La realidad económica golpea sin piedad: 92% de los argentinos atraviesa dificultades financieras que los obligan a elegir qué pagar y qué postergar. En los barrios porteños y el conurbano, las familias reorganizan sus prioridades mientras el ajuste se profundiza.
Según el Radar de Fragilidad Financiera elaborado por D'Alessio IROL, cuando el dinero no alcanza, los hogares protegen primero los alimentos (52%), seguidos por servicios públicos (48%) y las tarjetas de crédito (38%). Muy atrás quedan el alquiler (15%), los créditos personales (7%) y los seguros (6%).
Esta jerarquización no es casual. Como explica Nora D'Alessio, responsable del relevamiento: "Antes del atraso suelen observarse hogares que reducen consumo, utilizan más intensamente el crédito, dependen de promociones para mantener su nivel de vida o agotan gradualmente sus ahorros".
Los números revelan una brecha creciente entre quienes todavía pueden absorber imprevistos y quienes ya agotaron sus mecanismos de ajuste. No es una división tajante entre quienes pagan y quienes no, sino una gradación de esfuerzos cada vez mayores para sostener el consumo básico.
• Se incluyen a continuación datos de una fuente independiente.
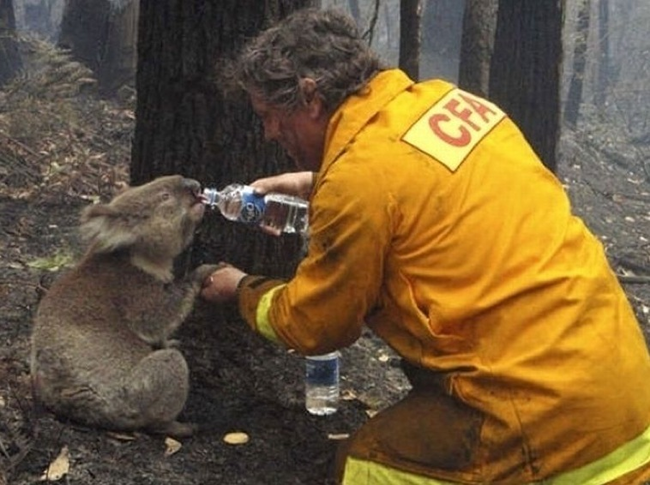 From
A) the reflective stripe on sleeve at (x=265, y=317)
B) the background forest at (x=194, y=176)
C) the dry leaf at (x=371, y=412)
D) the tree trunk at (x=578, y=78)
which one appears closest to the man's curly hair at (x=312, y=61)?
the background forest at (x=194, y=176)

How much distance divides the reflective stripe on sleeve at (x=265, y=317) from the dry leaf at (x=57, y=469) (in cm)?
104

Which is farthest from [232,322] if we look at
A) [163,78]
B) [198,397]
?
[163,78]

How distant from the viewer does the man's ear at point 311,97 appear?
386cm

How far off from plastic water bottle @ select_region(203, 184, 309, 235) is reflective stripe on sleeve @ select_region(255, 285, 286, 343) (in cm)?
70

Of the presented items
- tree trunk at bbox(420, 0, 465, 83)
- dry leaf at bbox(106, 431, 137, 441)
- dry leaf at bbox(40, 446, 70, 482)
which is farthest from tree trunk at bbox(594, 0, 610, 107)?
dry leaf at bbox(40, 446, 70, 482)

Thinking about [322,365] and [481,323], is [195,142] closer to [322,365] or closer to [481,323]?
[322,365]

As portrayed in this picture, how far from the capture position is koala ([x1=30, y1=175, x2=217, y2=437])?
4668mm

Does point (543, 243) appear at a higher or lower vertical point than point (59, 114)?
higher

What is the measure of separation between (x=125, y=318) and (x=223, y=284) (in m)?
0.58

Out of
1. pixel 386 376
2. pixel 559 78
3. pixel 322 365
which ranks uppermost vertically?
pixel 559 78

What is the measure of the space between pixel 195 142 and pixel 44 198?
13.5 feet

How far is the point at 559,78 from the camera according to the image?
32.4 feet

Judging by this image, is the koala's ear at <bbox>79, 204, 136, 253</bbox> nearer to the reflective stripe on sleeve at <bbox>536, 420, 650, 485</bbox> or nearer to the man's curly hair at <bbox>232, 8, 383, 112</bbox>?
the man's curly hair at <bbox>232, 8, 383, 112</bbox>

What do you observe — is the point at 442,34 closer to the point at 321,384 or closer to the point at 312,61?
the point at 321,384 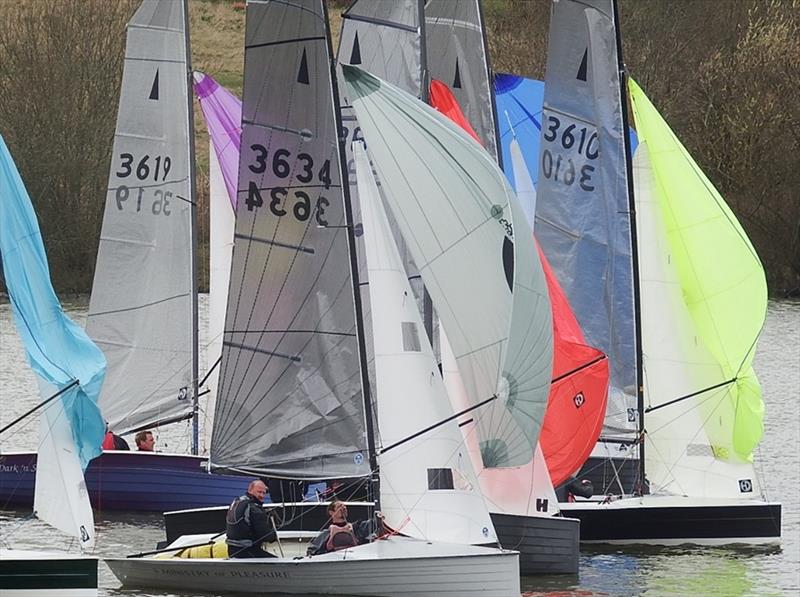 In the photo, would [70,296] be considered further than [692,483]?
Yes

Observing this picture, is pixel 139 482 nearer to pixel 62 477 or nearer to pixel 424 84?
pixel 424 84

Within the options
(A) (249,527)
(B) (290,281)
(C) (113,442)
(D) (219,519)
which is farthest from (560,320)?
(C) (113,442)

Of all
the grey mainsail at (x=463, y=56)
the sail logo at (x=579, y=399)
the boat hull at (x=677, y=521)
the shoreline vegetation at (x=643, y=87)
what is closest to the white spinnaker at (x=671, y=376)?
the boat hull at (x=677, y=521)

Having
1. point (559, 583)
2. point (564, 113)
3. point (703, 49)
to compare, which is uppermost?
point (703, 49)

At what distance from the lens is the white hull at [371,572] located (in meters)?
15.3

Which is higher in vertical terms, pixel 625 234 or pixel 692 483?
pixel 625 234

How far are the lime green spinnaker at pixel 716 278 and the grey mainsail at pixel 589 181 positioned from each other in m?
0.38

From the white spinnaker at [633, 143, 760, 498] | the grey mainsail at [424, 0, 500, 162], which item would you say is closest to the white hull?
the white spinnaker at [633, 143, 760, 498]

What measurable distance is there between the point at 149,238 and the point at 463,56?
4110 millimetres

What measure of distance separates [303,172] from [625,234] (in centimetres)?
542

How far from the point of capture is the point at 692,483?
2047 centimetres

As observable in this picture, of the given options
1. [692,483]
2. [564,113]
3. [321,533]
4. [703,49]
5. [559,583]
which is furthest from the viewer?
[703,49]

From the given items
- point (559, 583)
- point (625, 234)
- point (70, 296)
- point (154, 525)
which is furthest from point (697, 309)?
point (70, 296)

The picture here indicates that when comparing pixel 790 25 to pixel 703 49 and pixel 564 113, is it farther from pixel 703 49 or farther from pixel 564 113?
pixel 564 113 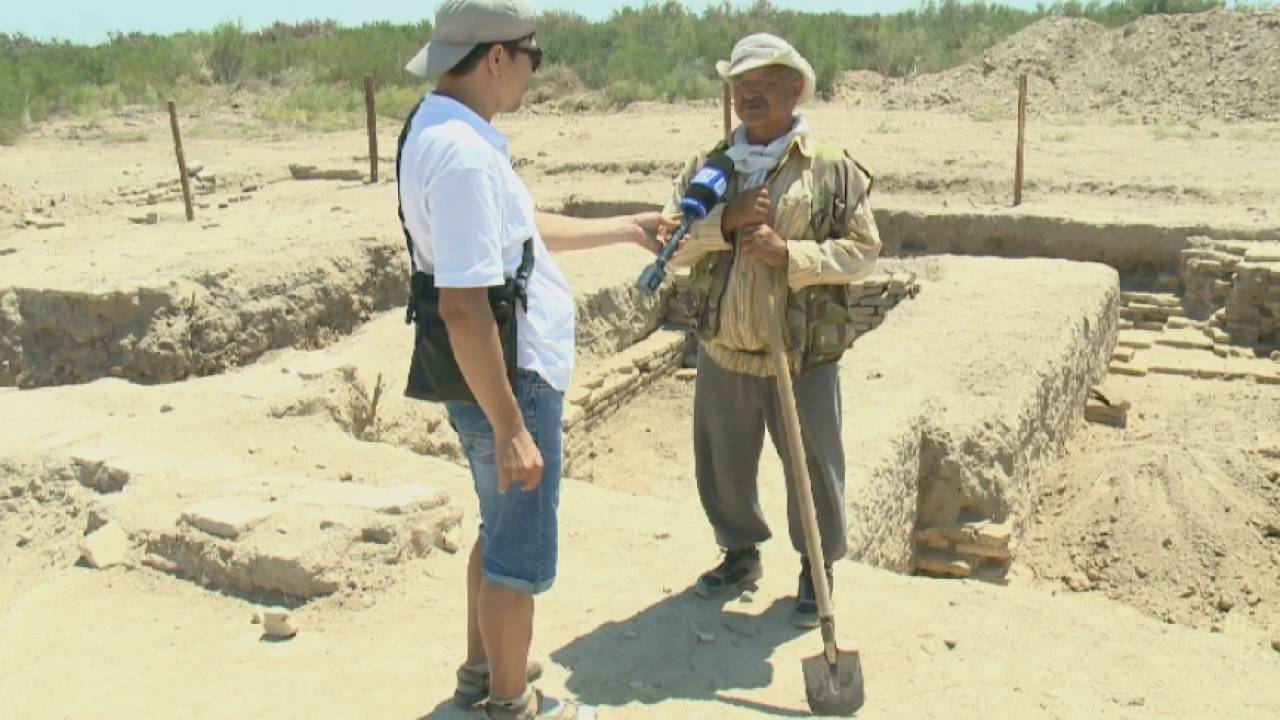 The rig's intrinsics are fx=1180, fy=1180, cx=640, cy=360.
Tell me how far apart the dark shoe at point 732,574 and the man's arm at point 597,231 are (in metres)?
1.13

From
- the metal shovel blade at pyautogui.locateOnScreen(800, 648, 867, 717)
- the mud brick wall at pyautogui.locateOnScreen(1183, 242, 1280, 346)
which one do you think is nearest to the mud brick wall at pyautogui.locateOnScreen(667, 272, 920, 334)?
the mud brick wall at pyautogui.locateOnScreen(1183, 242, 1280, 346)

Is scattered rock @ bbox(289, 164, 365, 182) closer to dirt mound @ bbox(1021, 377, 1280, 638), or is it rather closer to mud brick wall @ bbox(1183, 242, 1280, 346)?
mud brick wall @ bbox(1183, 242, 1280, 346)

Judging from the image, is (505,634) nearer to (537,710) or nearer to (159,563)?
(537,710)

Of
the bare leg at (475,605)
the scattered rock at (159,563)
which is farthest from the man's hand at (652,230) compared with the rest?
the scattered rock at (159,563)

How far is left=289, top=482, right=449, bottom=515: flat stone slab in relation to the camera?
13.3ft

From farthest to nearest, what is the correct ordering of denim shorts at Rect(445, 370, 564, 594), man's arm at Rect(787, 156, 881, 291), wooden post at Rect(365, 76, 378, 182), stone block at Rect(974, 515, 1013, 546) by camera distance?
wooden post at Rect(365, 76, 378, 182) < stone block at Rect(974, 515, 1013, 546) < man's arm at Rect(787, 156, 881, 291) < denim shorts at Rect(445, 370, 564, 594)

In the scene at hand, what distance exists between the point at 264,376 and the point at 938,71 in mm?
21070

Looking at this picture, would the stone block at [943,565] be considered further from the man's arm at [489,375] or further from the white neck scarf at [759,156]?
the man's arm at [489,375]

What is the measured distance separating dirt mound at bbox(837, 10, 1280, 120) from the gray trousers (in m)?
15.6

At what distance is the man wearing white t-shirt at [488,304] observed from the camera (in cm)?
246

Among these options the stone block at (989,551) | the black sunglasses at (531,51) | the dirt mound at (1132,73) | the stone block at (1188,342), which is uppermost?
the dirt mound at (1132,73)

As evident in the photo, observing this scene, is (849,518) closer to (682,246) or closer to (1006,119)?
(682,246)

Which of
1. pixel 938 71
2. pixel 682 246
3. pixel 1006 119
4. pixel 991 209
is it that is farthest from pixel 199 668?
pixel 938 71

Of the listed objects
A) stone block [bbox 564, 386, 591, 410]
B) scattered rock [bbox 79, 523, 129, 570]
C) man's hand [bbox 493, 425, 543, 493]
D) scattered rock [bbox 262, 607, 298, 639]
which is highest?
man's hand [bbox 493, 425, 543, 493] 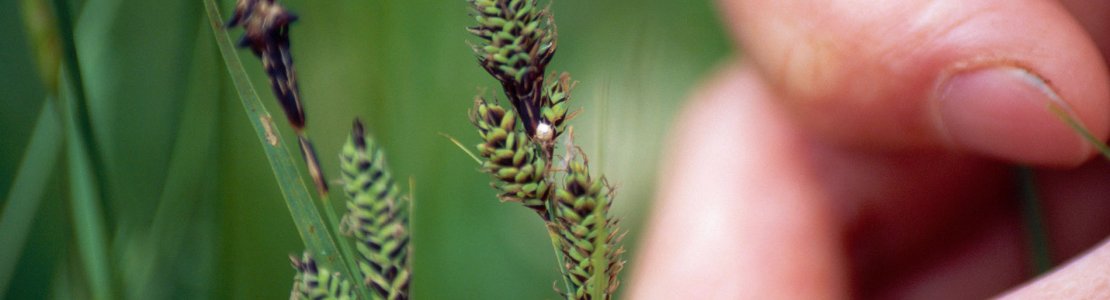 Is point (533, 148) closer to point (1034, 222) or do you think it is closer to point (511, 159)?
point (511, 159)

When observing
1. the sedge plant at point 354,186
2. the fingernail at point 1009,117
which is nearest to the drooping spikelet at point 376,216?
the sedge plant at point 354,186

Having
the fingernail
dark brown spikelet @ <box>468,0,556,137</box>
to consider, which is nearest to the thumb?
the fingernail

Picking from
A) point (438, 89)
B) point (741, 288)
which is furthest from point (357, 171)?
point (741, 288)

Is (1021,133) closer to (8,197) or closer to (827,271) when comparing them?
(827,271)

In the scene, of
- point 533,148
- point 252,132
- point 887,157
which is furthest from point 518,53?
point 887,157

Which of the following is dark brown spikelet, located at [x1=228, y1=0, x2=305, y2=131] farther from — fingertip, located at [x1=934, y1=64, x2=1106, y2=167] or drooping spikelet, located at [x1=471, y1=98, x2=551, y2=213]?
fingertip, located at [x1=934, y1=64, x2=1106, y2=167]

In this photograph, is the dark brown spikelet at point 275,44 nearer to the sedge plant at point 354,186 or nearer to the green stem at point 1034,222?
the sedge plant at point 354,186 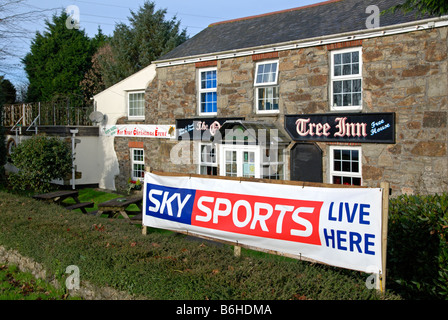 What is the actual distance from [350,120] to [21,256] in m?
8.50

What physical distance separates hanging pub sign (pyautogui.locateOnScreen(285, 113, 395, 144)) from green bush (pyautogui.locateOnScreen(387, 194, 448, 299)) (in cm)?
545

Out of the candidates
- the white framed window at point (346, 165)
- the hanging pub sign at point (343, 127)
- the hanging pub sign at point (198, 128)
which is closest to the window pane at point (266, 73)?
the hanging pub sign at point (343, 127)

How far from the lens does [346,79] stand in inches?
454

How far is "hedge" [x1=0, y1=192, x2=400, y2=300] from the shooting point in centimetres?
429

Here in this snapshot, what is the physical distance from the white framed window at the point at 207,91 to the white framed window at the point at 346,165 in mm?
4756

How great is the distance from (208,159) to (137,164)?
4585 mm

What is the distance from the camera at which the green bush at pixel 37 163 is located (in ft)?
51.3

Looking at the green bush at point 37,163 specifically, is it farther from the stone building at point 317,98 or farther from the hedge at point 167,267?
the hedge at point 167,267

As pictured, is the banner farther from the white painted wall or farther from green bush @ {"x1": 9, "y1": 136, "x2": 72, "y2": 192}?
the white painted wall

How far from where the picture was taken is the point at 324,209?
493cm

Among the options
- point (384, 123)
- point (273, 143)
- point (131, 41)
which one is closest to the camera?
point (384, 123)

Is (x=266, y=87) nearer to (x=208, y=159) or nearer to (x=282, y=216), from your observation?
(x=208, y=159) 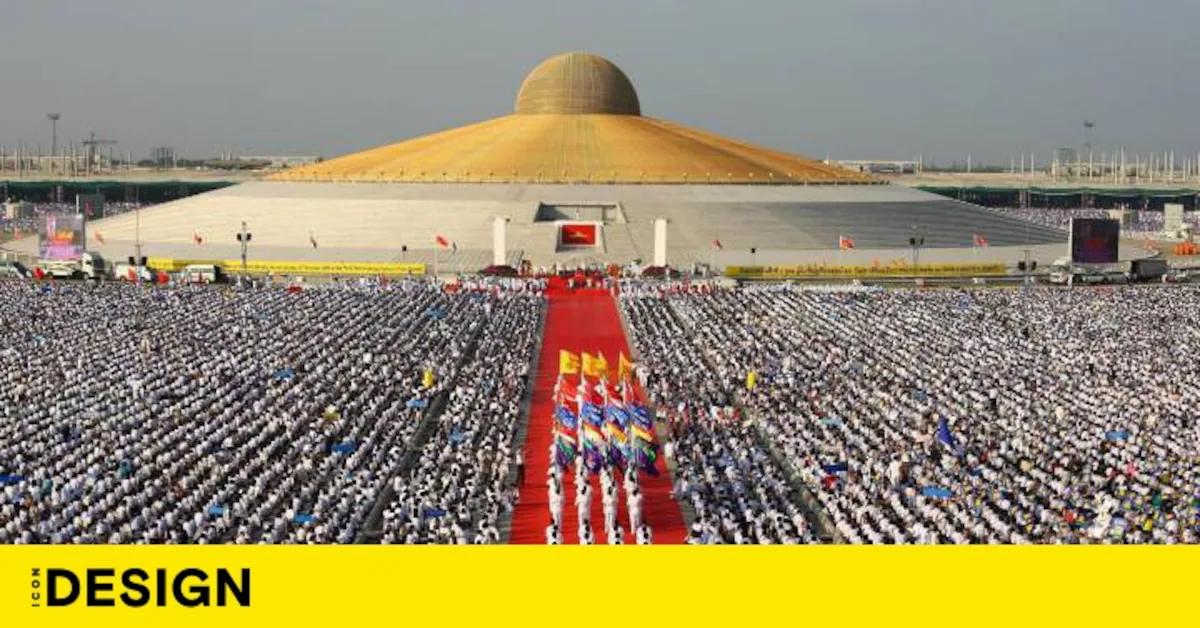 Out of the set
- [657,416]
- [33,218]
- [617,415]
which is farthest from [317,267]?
[33,218]

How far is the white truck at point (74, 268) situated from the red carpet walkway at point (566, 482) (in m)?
32.4

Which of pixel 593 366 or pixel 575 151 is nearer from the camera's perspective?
pixel 593 366

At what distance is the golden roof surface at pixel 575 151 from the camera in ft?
361

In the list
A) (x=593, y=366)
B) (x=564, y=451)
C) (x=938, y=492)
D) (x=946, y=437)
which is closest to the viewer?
(x=938, y=492)

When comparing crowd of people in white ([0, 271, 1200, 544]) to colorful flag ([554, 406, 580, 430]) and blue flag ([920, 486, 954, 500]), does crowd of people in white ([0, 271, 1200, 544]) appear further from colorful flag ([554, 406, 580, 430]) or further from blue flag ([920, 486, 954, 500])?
colorful flag ([554, 406, 580, 430])

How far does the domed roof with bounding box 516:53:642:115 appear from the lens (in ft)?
424

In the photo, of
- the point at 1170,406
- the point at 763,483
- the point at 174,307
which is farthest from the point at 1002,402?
the point at 174,307

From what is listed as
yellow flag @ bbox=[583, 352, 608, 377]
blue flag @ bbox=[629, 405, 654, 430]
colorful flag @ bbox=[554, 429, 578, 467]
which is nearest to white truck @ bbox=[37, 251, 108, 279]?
yellow flag @ bbox=[583, 352, 608, 377]

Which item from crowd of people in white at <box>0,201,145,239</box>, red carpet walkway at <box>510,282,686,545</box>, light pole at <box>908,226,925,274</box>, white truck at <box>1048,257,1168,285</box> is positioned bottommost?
red carpet walkway at <box>510,282,686,545</box>

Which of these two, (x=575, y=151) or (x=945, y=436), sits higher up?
(x=575, y=151)

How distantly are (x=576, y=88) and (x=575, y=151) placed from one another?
15834 millimetres

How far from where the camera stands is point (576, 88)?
12962cm

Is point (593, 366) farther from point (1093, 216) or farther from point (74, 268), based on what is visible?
point (1093, 216)

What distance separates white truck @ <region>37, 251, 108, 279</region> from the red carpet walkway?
32.4m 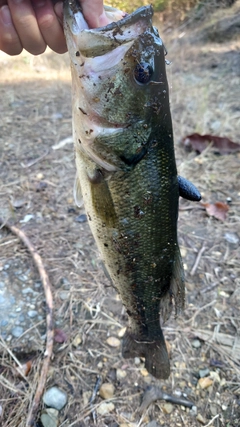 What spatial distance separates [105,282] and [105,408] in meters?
0.85

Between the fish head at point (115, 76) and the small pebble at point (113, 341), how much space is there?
4.15ft

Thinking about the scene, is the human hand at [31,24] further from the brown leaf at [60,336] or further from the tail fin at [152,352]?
the brown leaf at [60,336]

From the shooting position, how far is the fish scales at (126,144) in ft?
4.53

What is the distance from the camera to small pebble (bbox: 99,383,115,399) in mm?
2051

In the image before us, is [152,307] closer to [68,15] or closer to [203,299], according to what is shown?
[203,299]

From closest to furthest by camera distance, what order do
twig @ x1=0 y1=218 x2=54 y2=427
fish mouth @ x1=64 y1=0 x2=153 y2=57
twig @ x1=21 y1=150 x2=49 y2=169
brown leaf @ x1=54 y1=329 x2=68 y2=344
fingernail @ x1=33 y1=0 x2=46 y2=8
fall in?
fish mouth @ x1=64 y1=0 x2=153 y2=57
fingernail @ x1=33 y1=0 x2=46 y2=8
twig @ x1=0 y1=218 x2=54 y2=427
brown leaf @ x1=54 y1=329 x2=68 y2=344
twig @ x1=21 y1=150 x2=49 y2=169

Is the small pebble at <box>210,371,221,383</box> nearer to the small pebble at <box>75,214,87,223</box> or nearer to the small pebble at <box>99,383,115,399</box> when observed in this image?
the small pebble at <box>99,383,115,399</box>

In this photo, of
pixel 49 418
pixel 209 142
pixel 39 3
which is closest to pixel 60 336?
pixel 49 418

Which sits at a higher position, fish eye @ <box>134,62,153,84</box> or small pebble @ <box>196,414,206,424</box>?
fish eye @ <box>134,62,153,84</box>

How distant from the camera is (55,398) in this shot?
1999 mm

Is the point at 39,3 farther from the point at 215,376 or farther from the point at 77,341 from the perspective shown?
the point at 215,376

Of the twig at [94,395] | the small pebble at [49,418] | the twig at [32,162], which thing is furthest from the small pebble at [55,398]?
the twig at [32,162]

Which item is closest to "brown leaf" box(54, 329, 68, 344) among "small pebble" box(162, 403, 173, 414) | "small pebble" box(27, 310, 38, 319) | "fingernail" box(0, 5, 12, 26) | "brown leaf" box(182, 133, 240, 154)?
"small pebble" box(27, 310, 38, 319)

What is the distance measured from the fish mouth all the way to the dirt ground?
1.64m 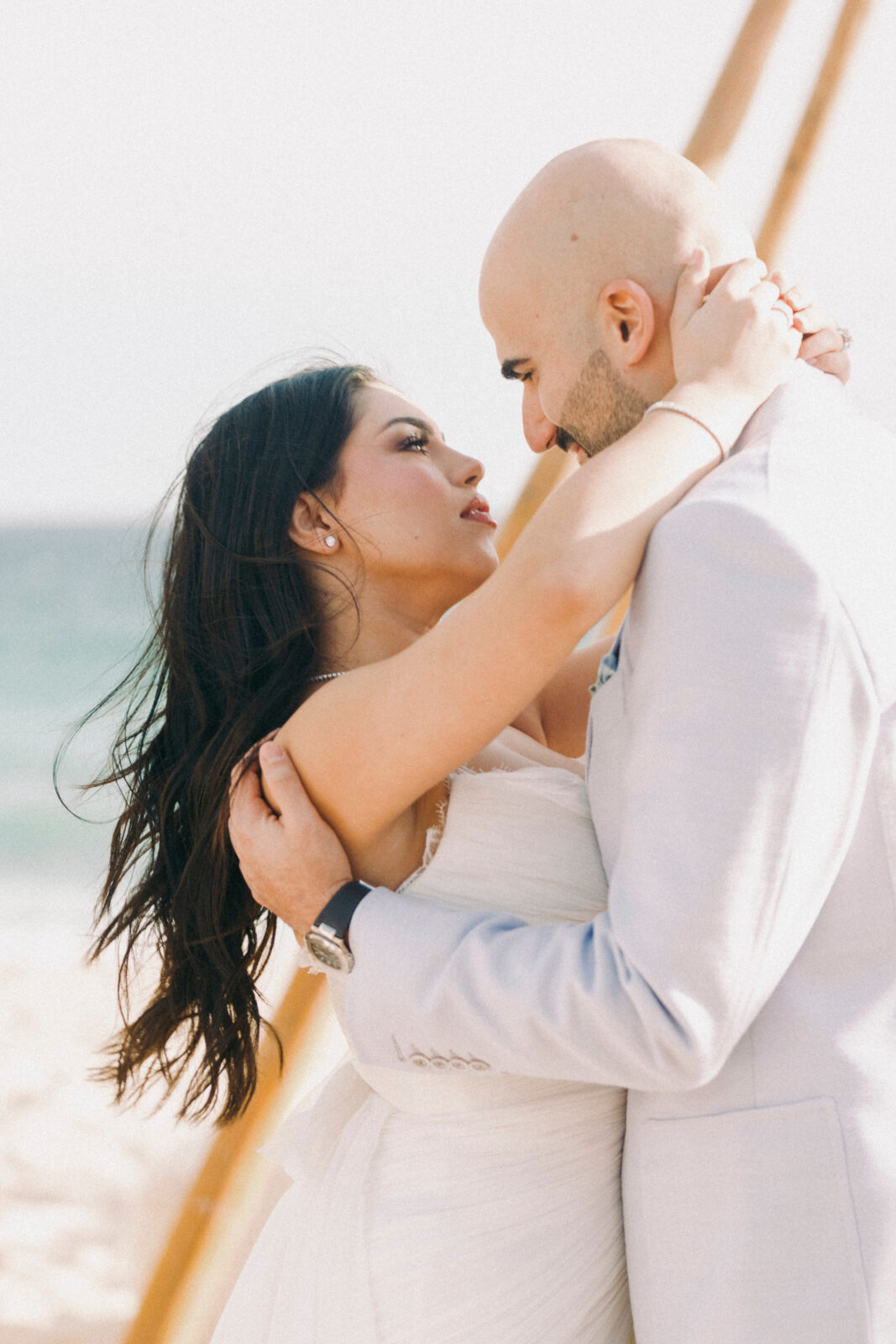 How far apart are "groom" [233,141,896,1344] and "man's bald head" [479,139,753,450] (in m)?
0.29

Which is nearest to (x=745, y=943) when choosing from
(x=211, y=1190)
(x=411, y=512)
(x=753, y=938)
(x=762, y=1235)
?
(x=753, y=938)

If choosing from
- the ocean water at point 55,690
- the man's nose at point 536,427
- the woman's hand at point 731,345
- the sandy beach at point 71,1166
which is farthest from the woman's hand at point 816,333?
the sandy beach at point 71,1166

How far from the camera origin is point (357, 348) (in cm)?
259

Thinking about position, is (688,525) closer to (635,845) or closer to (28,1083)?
(635,845)

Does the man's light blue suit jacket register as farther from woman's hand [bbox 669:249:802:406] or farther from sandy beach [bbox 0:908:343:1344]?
sandy beach [bbox 0:908:343:1344]

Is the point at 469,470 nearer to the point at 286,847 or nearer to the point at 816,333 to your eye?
the point at 816,333

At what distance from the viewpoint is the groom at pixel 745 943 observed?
1.26m

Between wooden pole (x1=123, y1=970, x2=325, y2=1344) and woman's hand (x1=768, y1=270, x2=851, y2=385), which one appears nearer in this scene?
woman's hand (x1=768, y1=270, x2=851, y2=385)

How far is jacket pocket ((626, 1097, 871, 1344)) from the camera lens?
4.31ft

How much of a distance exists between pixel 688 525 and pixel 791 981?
0.52m

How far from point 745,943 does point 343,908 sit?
601 millimetres

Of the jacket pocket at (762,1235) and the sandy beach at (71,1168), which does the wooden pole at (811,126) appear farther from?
the sandy beach at (71,1168)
El impacto no es uniforme. Las mujeres priorizan más las tarjetas que los hombres (43% contra 36%), reflejando su rol activo en la administración del presupuesto familiar. Los jóvenes aparecen como el grupo más castigado: el 96% declara dificultades económicas, frente al 89% de los mayores de 55 años.
Esta generación muestra además una mayor dependencia del crédito para sostener su nivel de vida, mientras que los mayores adoptan conductas más conservadoras. Una diferencia que marca dos estrategias de supervivencia económica completamente distintas.
La percepción subjetiva acompaña los datos duros. En la última semana de mayo, 68% de los consultados afirmó estar peor que hace un año. Esta sensación se concentra especialmente en jóvenes (76%), mujeres (74%) y sectores de menores ingresos.
Como señala D'Alessio, "cuando millones de personas modifican simultáneamente sus prioridades de gasto, terminan generando impactos sobre prácticamente toda la economía". La pregunta estratégica ya no es cuántos clientes están en mora sino cuántos siguen pagando, pero con un esfuerzo cada vez mayor.
Para las empresas que operan en el AMBA, estos datos representan un mapa de ruta sobre dónde concentrar esfuerzos comerciales y qué sectores enfrentarán mayor presión en los próximos meses. La morosidad no es el inicio del problema, sino su manifestación final más visible.